Currently, beer and spicy cheeses are on trend. BelGioioso also makes a cheese with a hot pepper inside and Simon’s “plays with vats of that every now and then,” along with tomato basil, adds Julie Poburka, assistant store manager.
“Innovation is great, but we want to maintain the roots, the integrity,” Auricchio says of BelGioioso. “Many trends are just fades. When you’re making different cheeses, it’s like making different sauces.”
At the store, Poburka and Sohrweide are looking for ways to recognize cheese itself as an everyday food versus an occasional offering, expand customer palettes and broaden the way people use cheese. Sohrweide refers to it as an “experiential opportunity.” He stresses the importance of the “community connection” Simon’s has built over the years.

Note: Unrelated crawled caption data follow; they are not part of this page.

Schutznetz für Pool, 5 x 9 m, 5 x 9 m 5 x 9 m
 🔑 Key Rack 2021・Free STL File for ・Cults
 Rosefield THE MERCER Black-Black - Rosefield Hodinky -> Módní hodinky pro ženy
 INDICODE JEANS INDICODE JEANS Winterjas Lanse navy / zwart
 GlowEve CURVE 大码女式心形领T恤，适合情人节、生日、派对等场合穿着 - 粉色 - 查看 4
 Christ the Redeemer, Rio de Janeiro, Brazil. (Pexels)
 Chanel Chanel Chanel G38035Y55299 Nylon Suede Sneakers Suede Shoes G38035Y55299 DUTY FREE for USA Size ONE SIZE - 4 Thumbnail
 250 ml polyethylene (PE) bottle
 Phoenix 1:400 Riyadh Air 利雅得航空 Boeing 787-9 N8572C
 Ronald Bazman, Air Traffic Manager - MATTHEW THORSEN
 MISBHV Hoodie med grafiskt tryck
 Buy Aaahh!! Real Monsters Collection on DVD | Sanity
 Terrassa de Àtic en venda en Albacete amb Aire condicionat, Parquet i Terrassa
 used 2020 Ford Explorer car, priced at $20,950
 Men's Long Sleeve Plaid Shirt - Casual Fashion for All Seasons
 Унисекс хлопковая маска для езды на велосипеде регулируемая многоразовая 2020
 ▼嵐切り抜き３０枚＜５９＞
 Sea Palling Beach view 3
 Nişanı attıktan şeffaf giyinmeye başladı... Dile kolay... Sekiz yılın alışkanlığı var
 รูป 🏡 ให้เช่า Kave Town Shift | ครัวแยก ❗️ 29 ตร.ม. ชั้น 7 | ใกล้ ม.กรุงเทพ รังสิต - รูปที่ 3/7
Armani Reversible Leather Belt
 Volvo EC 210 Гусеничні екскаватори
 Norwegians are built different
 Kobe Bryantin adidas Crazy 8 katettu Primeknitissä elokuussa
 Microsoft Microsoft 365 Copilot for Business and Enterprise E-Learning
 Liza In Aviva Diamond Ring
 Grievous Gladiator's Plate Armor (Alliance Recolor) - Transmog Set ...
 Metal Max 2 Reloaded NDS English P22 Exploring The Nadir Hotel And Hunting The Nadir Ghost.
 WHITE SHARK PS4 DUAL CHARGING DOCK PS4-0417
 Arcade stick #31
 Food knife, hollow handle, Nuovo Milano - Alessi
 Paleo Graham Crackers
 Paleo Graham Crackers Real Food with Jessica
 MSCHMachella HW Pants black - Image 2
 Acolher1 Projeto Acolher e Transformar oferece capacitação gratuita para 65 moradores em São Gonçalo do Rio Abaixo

Each of the companies also participate in state and national cheese competitions and use the results to better their products.
“It’s a place where there’s a technical measure of your cheese,” says Sipple. “It helps keep us great. … At the end of the day, it’s the customer that rules.”
“Competition is a marketing tool. It doesn’t sell a lot of cheese,” Auricchio shares. “Our goal is to find loyal customers.”
At the end of the day, what matters most to these cheesemakers is satisfying their customers with a quality product.
“That is such an unbelievable feeling,” says Blascak. “To walk into a store, not only in Wisconsin, and to see your product and see people buying your product it is a great feeling.”
“They could go to other places and don’t, they choose to come back here,” Sohrweide adds.